O nedenledir ki bu mazlum halk çektiği tüm acılara rağmen sabrediyor. Ölmüş eşek kurttan korkmaz derler. 50 yıldır bir cehennemde ne ölen nede yaşayan bir halk neden korksun ki? Korku duvarını aşmak dedikleri böyle bir şey olsa gerek.

Esed'e Başkaldıran Suriye Halkı, Muhaliflere Niye Başkaldırmıyor?

Esed liderliğindeki Baas rejimi gibi korkunç derecede bir zalim bir rejime, başına gelecekleri bile bile başkaldıran Suriye halkı, 3 yıllık direniş sürecinde binlerce insanını kaybetmesine, sınırsız acılar çekmesine rağmen; bu acıların başına gelmesine dolaylı olarak vesile olan muhaliflere karşı ayaklanmıyor, onları eleştirmiyor ve 3 yıldır dişini sıkıyor, sabrediyor.

7.Araf Suresi 128. Ayette bildirildiğine göre, Musa (as) gelmeden önceden de eziyete uğratılan İsrailoğulları, birde Musa (as) nedeniyle eziyete uğratılınca bundan yakınıyorlar, senden öncede sonrada eziyete uğratıldık diye şikayet ediyorlar.

Gördüğümüz kadarıyla Suriye halkının böyle bir şikâyeti yok.
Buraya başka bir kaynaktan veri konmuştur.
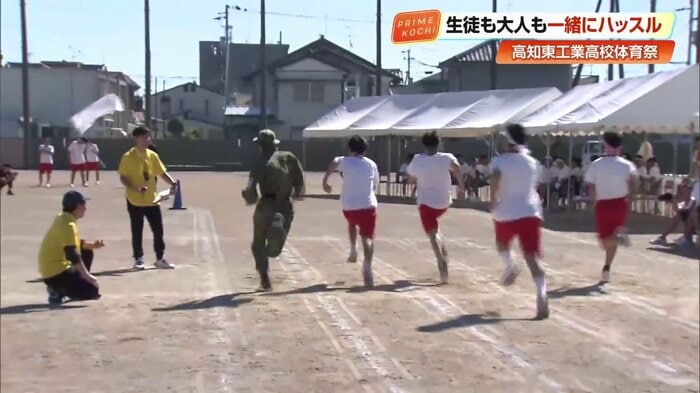 迷彩服姿で全力疾走する自衛隊員
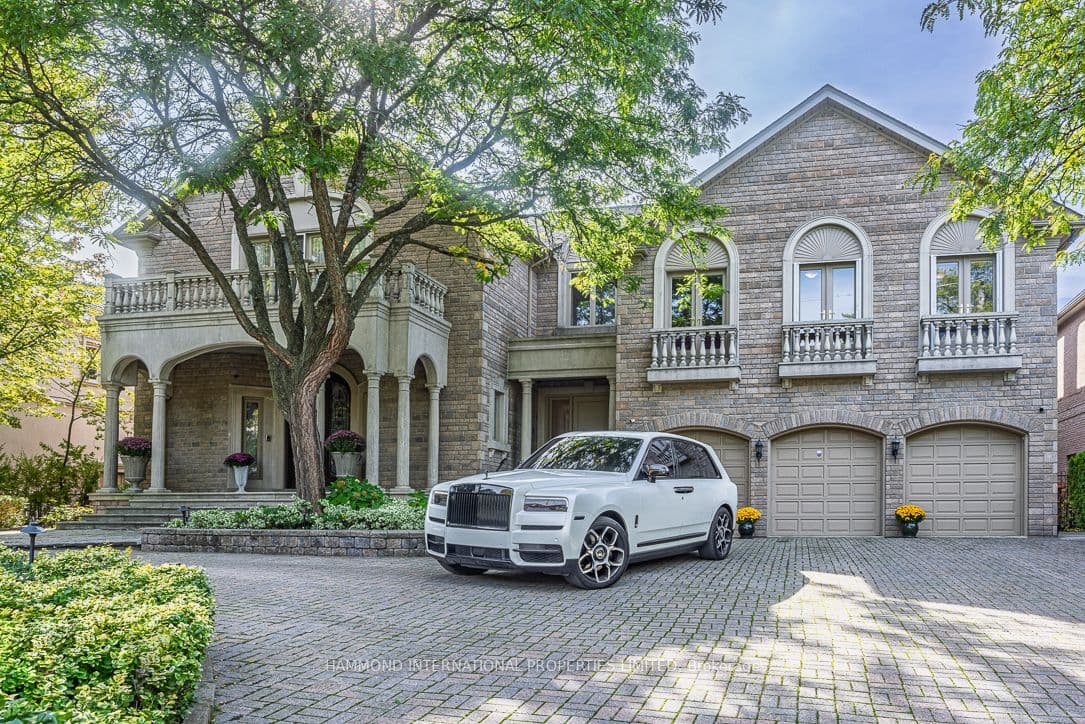 32 Arjay Crescent, Toronto, ON M2L 1C7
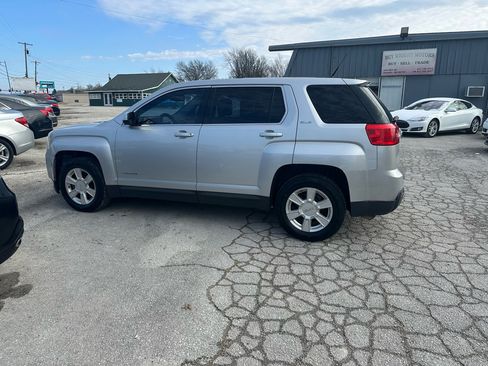 Used 2011 GMC Terrain SLE image 9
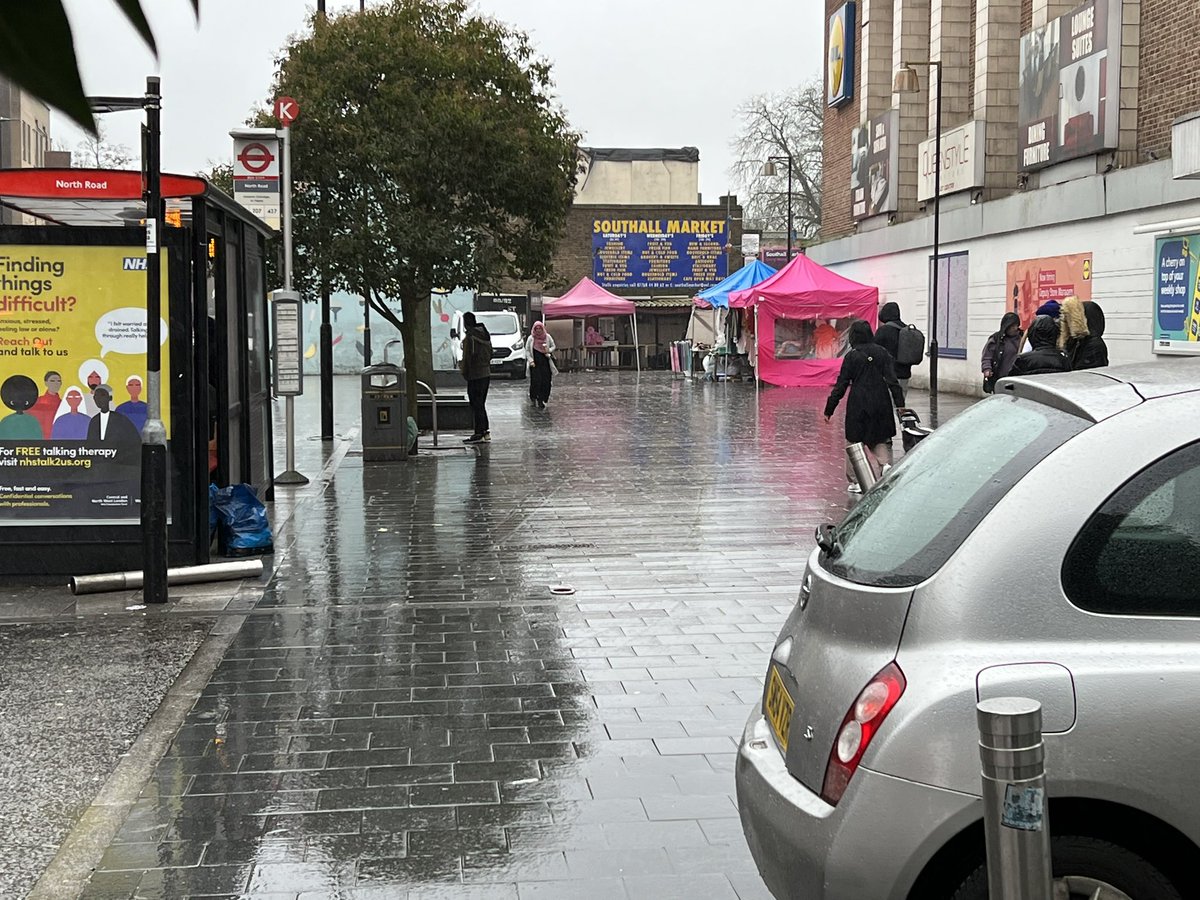 JM4NorwoodGreen's tweet image. One part of #Ealing #Localplan engagement was a #Southall walking tour - fabulous experience despite weather looking at different areas including #Southall #ElizabethLine station @tgqwestlondon #SouthallSquare #SouthallPark #SouthallBridge &amp;amp; #MargarineWorks #communityengagement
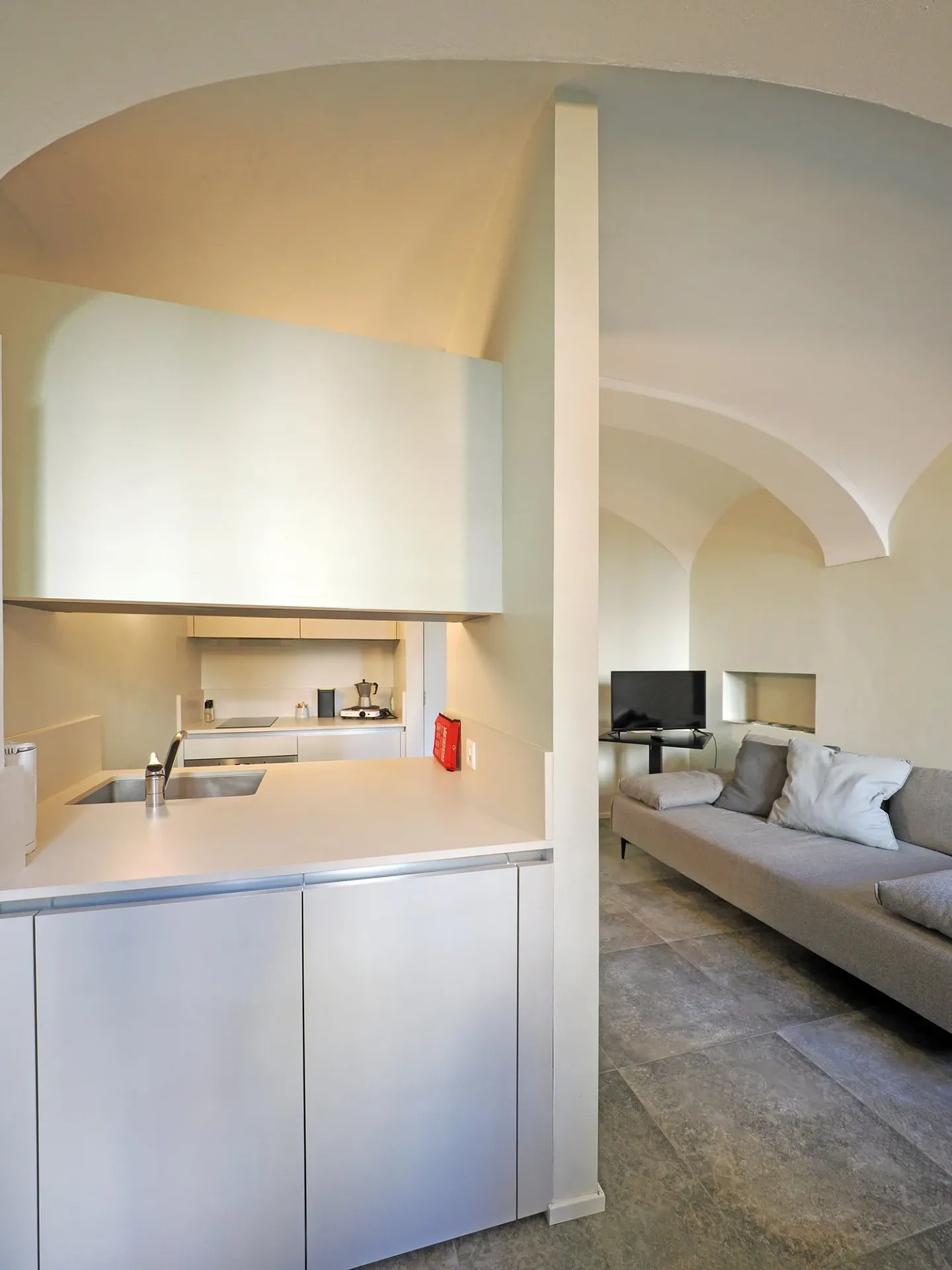 Furnished 2-room apartment in Muralto - monthly contracts - Photo 7 of 11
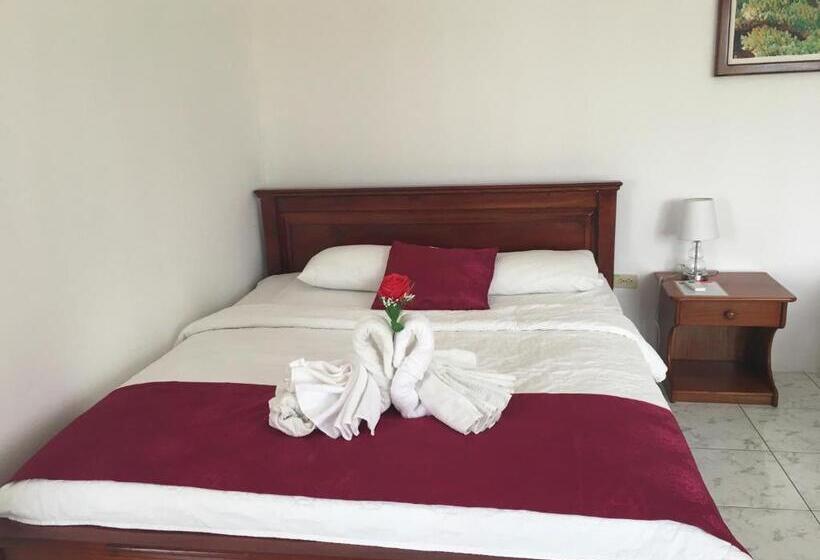 Четырехместный Номер Стандарт, Hostal Las Fragatas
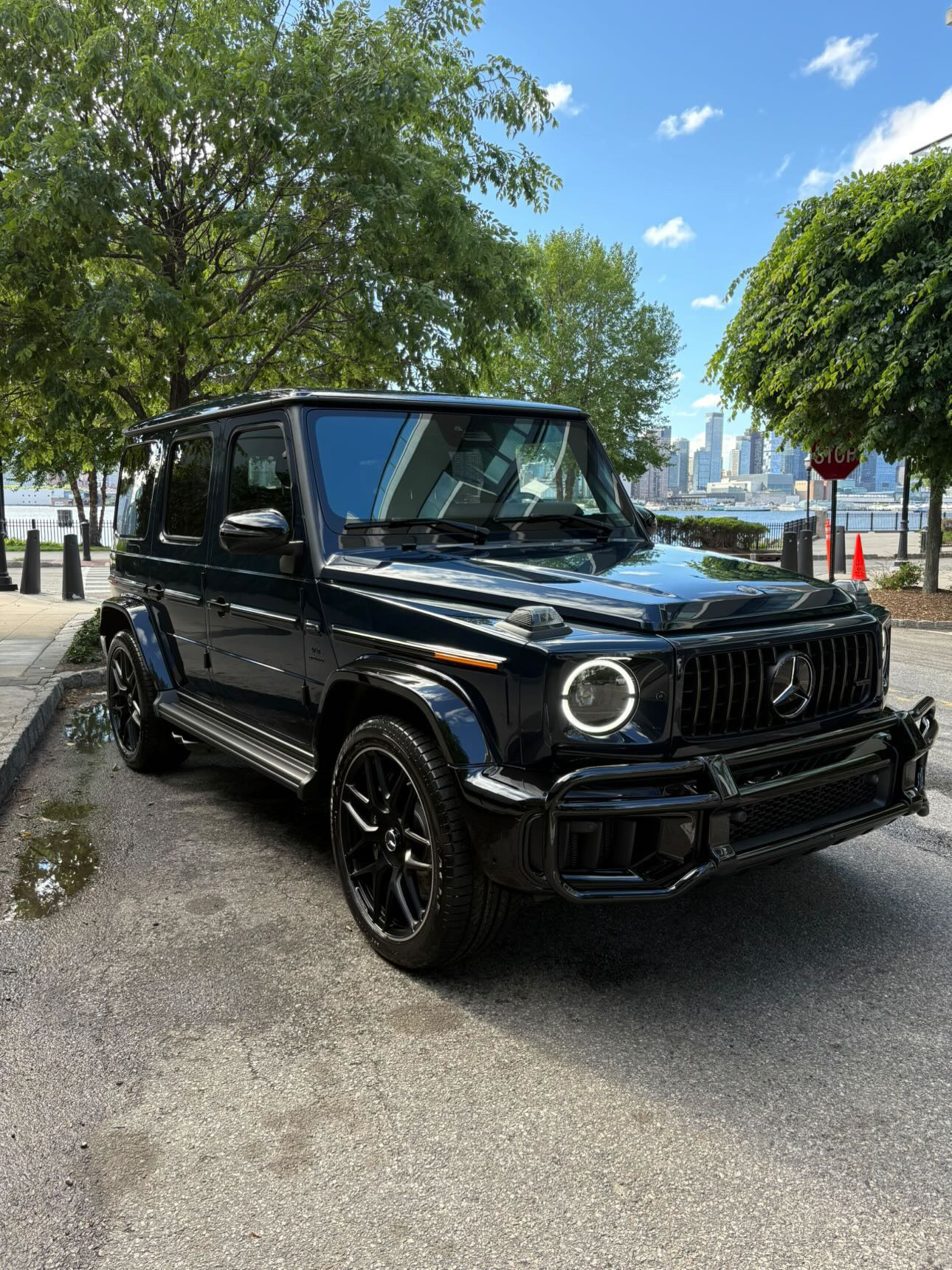 Black Mercedes-AMG G63 finished with deep gloss on Hudson waterfront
Çünkü özgürlüğünü ve insanlığını kaybetmiş Suriye halkının kaybedecek bir şeyi kalmamış durumda. Her şey bir tarafa, sadece geçen haftalarda ortaya çıkan vahşet fotoğrafları bile yeter aslında bu halkın yıllardır çektiklerini anlatmaya.

Bırakın adam gibi yaşamayı, adam gibi ölmeye bile imkân tanınmayan bir halk var karşımızda. Bu kıyam neticesinde adam gibi yaşama imkânına kavuşamasa bile, en azından adam gibi ölmek imkanına kavuşuyor, onurlu bir ölüme.